Фото: РГАКФД/Росинформ

С годами политкомиссия начала выходить за рамки предписанных ей Политбюро полномочий и вместе с расстрельными делами начала рассматривать даже особо важные гражданские дела. В феврале 1928 года на Рутченковском руднике в Донбассе произошел взрыв, в результате которого погибло 12 и были тяжело ранены 4 человека. Виновником взрыва стал присланный германской фирмой "Тиссен" специалист по фамилии Штайгер, который приказал принести в контору рудника более 70 кг замерзшего на складе динамита, чтобы взрывчатка оттаяла. Как только его вину установили, политкомиссия предложила решение, одобренное Политбюро:

"1.Предложить Донуглю уплатить увечным и семьям погибших от взрыва, как советским гражданам, так и иностранным, разницу между суммой пенсии по увечью, выданной страховыми органами, и действительным заработком погибших и пострадавших. При желании иностранных граждан пенсию им капитализировать.

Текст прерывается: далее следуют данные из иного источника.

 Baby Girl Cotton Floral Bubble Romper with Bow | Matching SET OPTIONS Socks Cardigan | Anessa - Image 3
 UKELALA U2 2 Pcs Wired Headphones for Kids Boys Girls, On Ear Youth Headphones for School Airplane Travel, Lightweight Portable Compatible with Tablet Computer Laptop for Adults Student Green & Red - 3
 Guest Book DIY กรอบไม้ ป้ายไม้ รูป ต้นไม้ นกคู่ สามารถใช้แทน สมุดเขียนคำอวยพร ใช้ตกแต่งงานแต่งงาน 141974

2.Предложить "Донуглю" потребовать с фирмы "Тиссен" возмещения ему произведенных им расходов по выплате указанной в п. 1 разницы. В случае же отказа фирмы "Тиссен" от уплаты разницы вопрос о предъявлении иска "Донуглем" оставить открытым до получения мотивов отказа.

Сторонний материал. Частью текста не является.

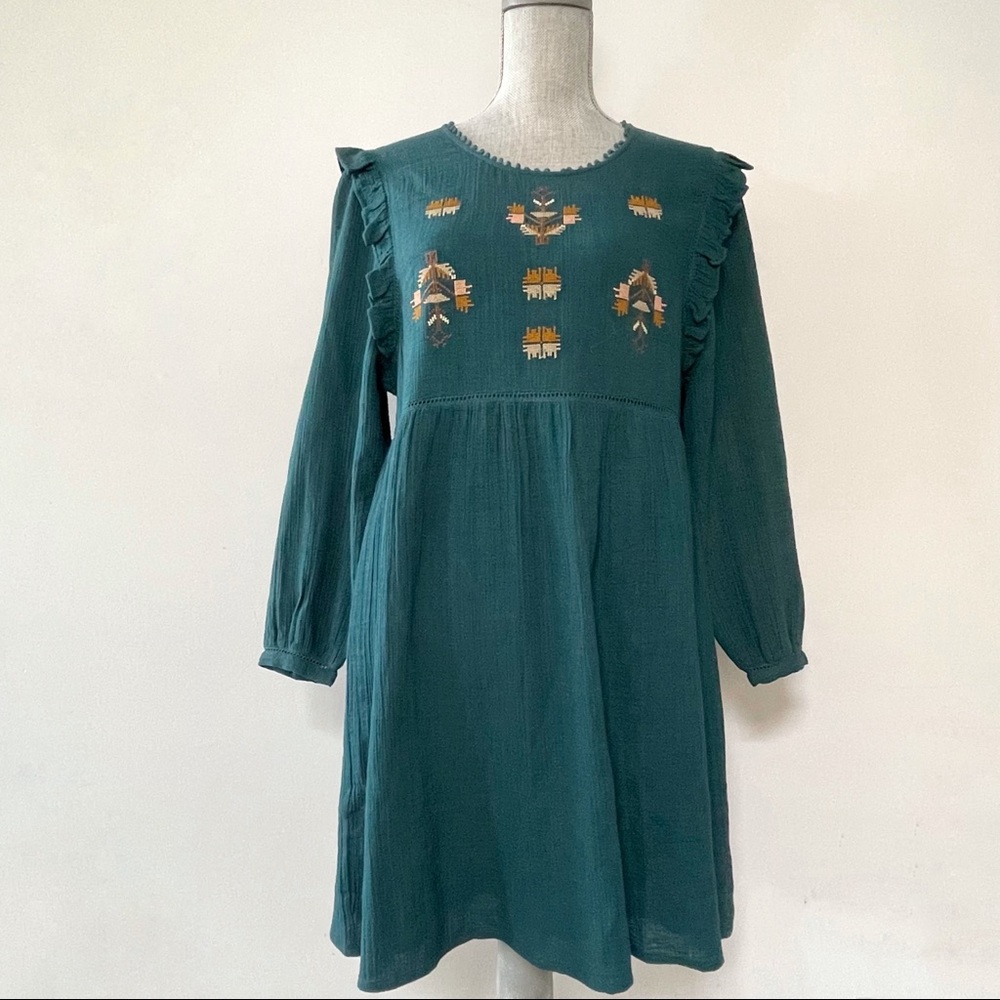 Louizon long sleeve embroidered textured cotton babydoll prairie dress teal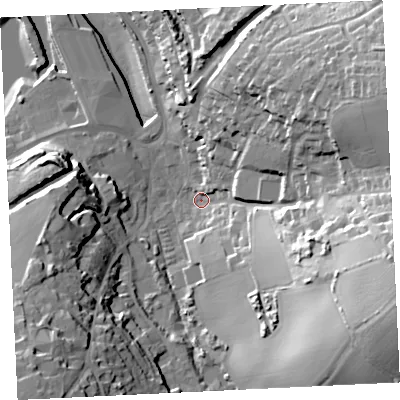 Shaded relief map of the ground around TR274AD, computed from Environment Agency LiDAR. The ground here sits at about 4 m above sea level and falls 48 m across the surrounding 800 m. Surface water reaching this point runs off ground lying to the east-south-east, 42.8 m higher.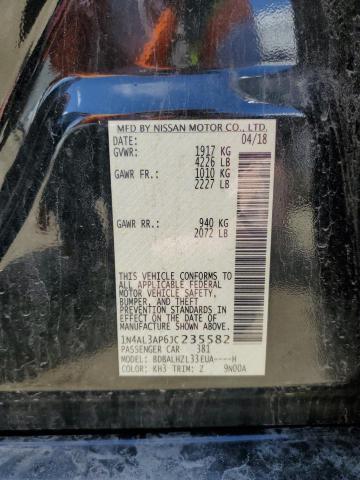 1N4AL3AP6JC235582 - 2018 NISSAN ALTIMA 2.5 أسود صورة 12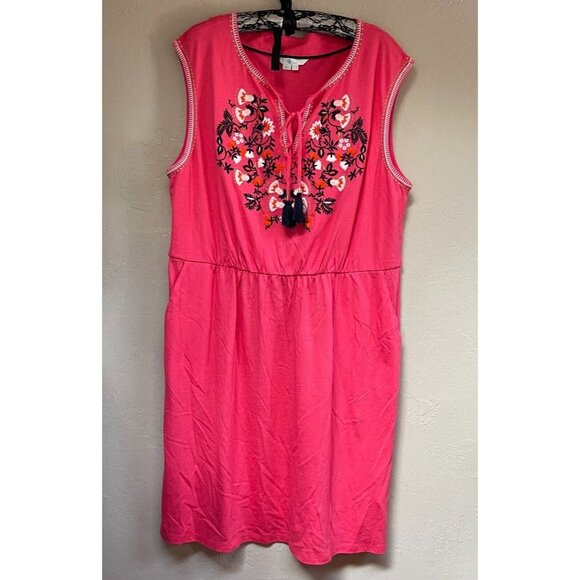 Boden Womens Catriona Embroidered Shift Dress Sleeveless Pullover Pink Size 16R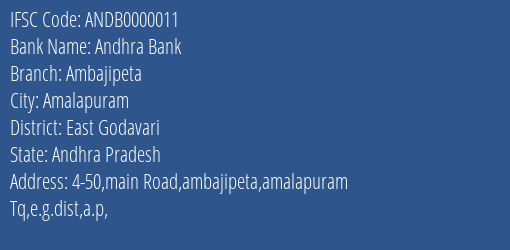 Andhra Bank Ambajipeta Branch, Branch Code 000011 & IFSC Code ANDB0000011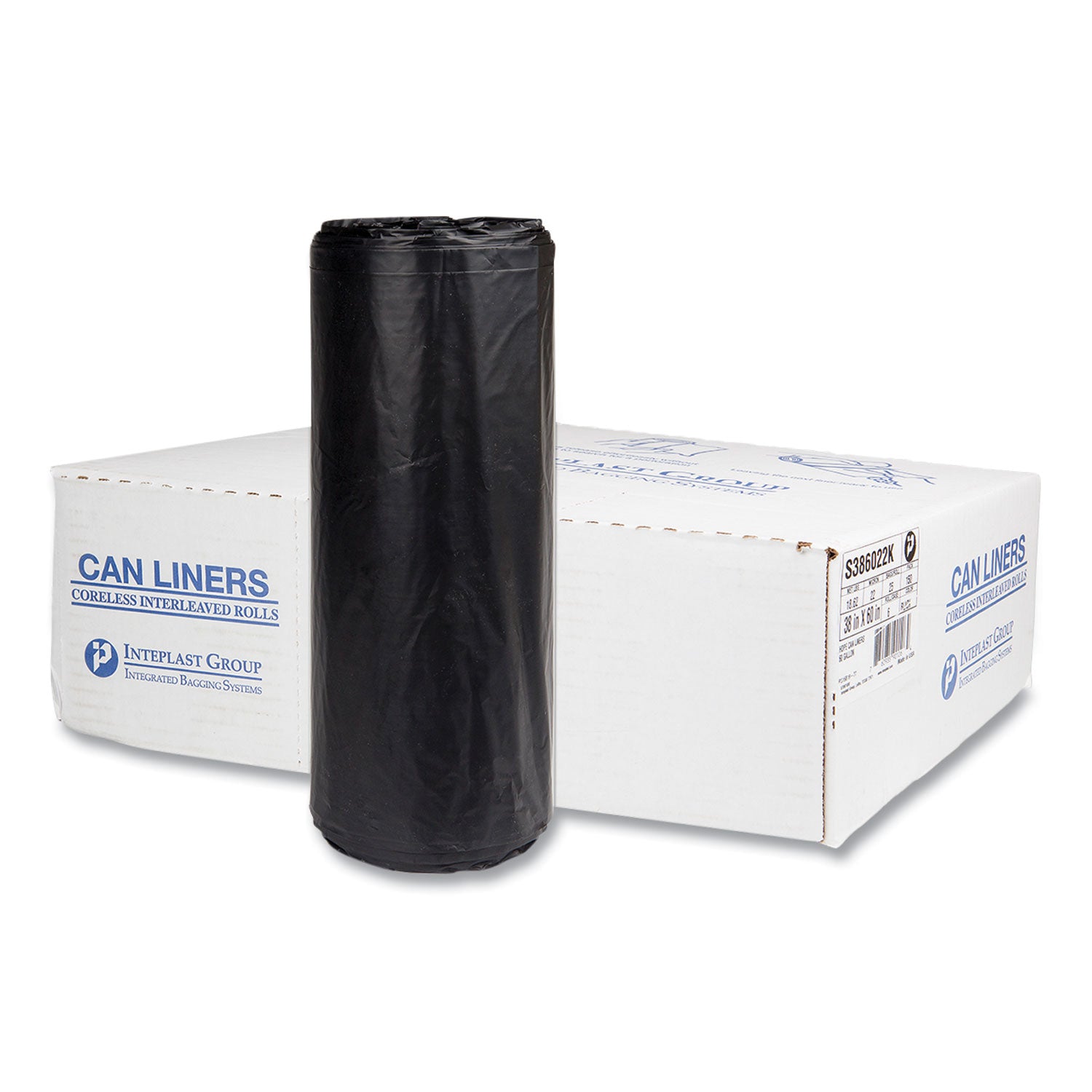 High-Density Commercial Can Liners, 60 gal, 22 mic, 38" x 60", Black, Interleaved Roll, 25 Bags/Roll, 6 Rolls/Carton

3.Предложить Цустраху вследствие доказанной вины фирмы "Тиссен" обратиться к последней с предложением добровольно возместить расходы страховых органов по выплате пенсий. В случае же отказа фирмы "Тиссен" предъявить к ней иск через суд в порядке ст. ст. 113 и 414 Гражданского Кодекса".

При этом, вмешиваясь в чужие дела, политкомиссия и ее члены не допускали ни малейшего вмешательства в свои прерогативы.

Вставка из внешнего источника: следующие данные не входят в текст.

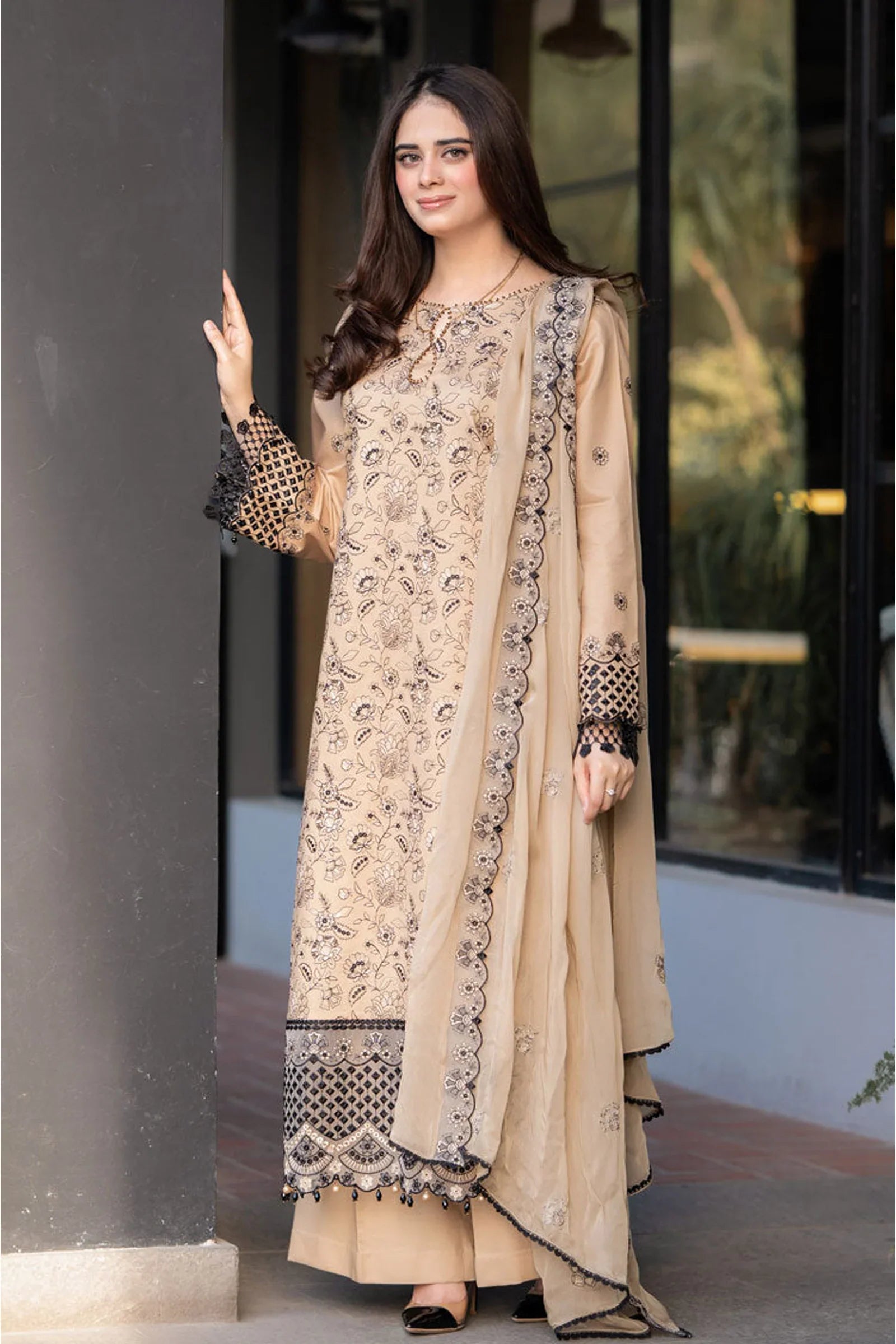 Dhanak-3PC Embroidered Shirt with Chiffon Embroidered Dupatta-3397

"Просим о скорейшем решении дела Политтройкой"

С момента появления комиссии попытки перетянуть одеяло на себя и взять в свои руки решение вопроса о высшей мере наблюдались не только со стороны властей республик, но и со стороны руководителей отдельных губерний. Они предлагали создать политкомиссии местного уровня, чтобы не загружать комиссию Политбюро ненужной работой, а также жаловались на то, что рассмотрение приговоров в ней идет слишком медленно. К примеру, секретарь Запорожского окружкома Карпенко в сентябре 1926 года писал в Секретариат ЦК ВКП(б):

"Еще в первых месяцах т. г. в одном из сел Запорожского округа — Водяном — были совершены на политической почве одно вслед за другим два убийства активных сельских работников-коммунистов.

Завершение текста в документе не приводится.